▼▼▼

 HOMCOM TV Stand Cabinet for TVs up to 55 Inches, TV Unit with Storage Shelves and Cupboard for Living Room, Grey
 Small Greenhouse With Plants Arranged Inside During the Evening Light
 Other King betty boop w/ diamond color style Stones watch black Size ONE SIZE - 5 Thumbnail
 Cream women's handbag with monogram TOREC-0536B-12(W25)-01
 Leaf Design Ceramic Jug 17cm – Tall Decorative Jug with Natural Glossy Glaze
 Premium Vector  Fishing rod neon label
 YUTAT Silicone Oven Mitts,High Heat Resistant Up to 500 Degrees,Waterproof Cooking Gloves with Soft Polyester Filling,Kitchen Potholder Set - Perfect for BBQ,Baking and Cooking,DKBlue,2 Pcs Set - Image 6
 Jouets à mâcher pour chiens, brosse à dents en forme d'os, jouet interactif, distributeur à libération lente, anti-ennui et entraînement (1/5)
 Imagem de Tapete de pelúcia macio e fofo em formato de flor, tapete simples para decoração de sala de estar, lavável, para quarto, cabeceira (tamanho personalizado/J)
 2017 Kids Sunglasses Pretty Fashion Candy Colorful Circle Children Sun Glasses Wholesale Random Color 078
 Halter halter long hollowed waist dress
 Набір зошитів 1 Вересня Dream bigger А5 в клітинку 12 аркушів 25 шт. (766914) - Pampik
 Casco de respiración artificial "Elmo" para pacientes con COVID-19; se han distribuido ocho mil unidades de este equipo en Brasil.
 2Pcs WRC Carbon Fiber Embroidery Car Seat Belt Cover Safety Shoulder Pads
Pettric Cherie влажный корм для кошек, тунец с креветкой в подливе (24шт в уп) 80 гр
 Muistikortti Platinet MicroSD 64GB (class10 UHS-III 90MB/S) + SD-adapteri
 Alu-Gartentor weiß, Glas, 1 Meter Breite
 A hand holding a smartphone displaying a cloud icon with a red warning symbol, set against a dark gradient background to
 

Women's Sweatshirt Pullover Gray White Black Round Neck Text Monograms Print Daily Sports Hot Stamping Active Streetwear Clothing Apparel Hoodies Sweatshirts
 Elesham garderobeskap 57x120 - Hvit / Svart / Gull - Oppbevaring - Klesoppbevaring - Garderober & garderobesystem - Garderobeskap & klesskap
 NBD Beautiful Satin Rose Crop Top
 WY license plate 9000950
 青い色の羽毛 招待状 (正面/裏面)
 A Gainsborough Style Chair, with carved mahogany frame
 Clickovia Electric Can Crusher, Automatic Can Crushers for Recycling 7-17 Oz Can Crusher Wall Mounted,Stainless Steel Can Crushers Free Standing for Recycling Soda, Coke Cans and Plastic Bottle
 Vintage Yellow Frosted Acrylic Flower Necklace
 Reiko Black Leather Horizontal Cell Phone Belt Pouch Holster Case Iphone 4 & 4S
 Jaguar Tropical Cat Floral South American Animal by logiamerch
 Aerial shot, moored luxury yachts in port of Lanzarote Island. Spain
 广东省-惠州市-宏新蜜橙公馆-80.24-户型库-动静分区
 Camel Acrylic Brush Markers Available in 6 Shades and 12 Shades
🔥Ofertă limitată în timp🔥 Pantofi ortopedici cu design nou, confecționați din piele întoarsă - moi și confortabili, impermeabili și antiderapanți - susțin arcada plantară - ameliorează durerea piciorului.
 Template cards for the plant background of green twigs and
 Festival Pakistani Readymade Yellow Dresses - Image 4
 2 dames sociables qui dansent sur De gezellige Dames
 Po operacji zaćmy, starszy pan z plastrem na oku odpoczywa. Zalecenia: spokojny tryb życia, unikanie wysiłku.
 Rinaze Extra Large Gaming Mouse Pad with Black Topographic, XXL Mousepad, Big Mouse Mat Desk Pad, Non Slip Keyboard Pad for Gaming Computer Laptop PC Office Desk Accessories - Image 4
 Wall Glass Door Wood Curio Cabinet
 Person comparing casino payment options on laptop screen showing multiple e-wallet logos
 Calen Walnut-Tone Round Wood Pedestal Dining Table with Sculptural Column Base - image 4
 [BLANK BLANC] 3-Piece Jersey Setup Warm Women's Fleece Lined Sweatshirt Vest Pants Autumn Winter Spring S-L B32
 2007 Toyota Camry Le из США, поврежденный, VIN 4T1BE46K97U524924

▲▲▲

EXERCISE AIM: Bring together each line above where the string "Sweatshirt" turns up.

WORKED SOLUTION:
Women's Sweatshirt Pullover Gray White Black Round Neck Text Monograms Print Daily Sports Hot Stamping Active Streetwear Clothing Apparel Hoodies Sweatshirts
 [BLANK BLANC] 3-Piece Jersey Setup Warm Women's Fleece Lined Sweatshirt Vest Pants Autumn Winter Spring S-L B32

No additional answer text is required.